__Supplied information__.
══════════════════════════════
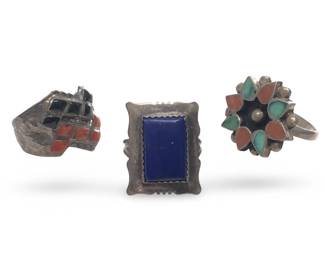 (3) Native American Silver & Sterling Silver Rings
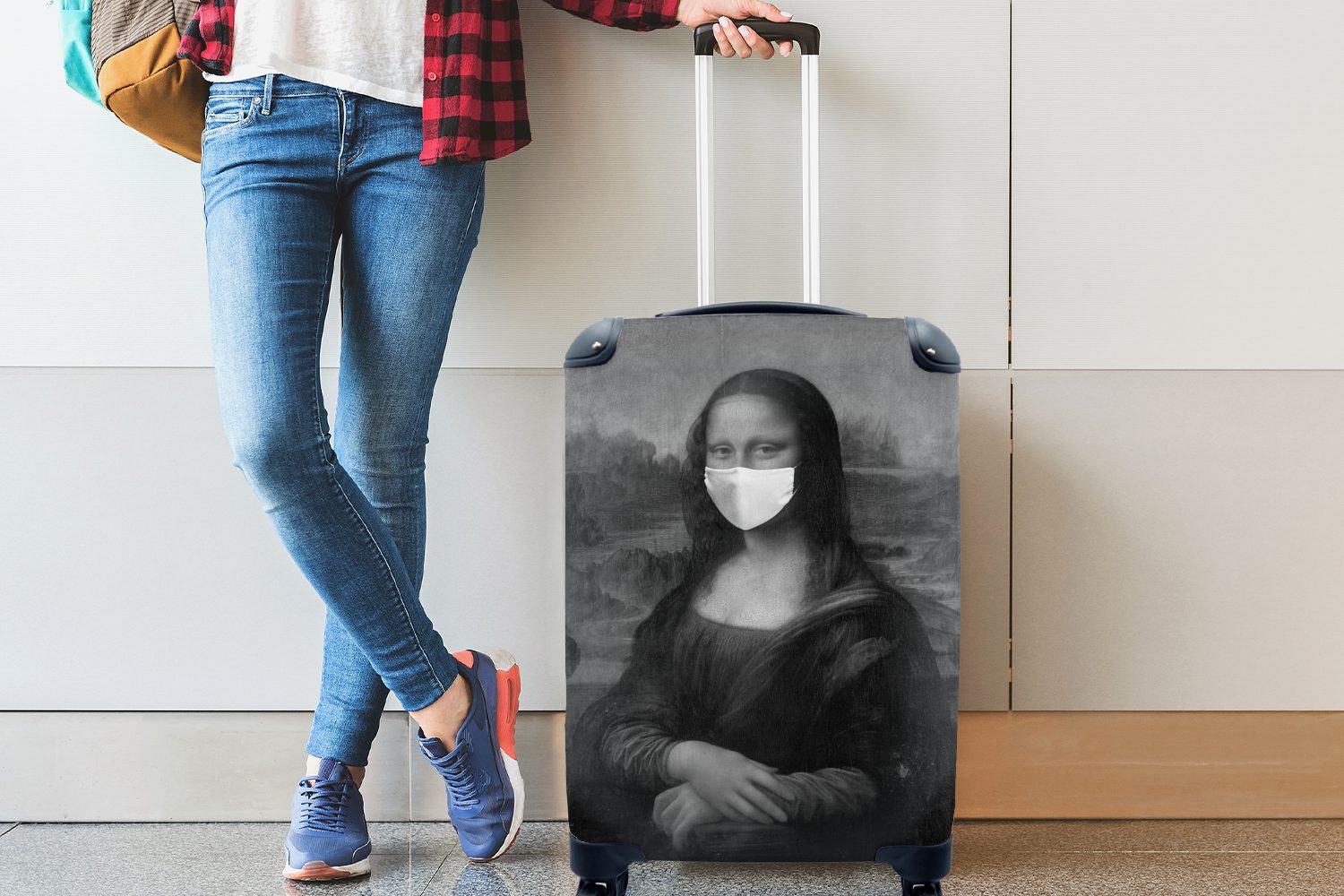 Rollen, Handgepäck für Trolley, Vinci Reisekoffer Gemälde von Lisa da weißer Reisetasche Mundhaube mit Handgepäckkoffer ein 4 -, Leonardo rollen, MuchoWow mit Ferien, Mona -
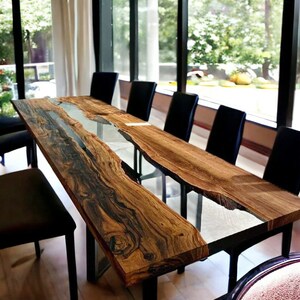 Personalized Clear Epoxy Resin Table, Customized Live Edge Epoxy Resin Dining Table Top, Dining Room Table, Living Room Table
══════════════════════════════
The answer should be the full material above, printed exactly, with no pictures in it.

 (3) Native American Silver & Sterling Silver Rings
 Rollen, Handgepäck für Trolley, Vinci Reisekoffer Gemälde von Lisa da weißer Reisetasche Mundhaube mit Handgepäckkoffer ein 4 -, Leonardo rollen, MuchoWow mit Ferien, Mona -
 Personalized Clear Epoxy Resin Table, Customized Live Edge Epoxy Resin Dining Table Top, Dining Room Table, Living Room Table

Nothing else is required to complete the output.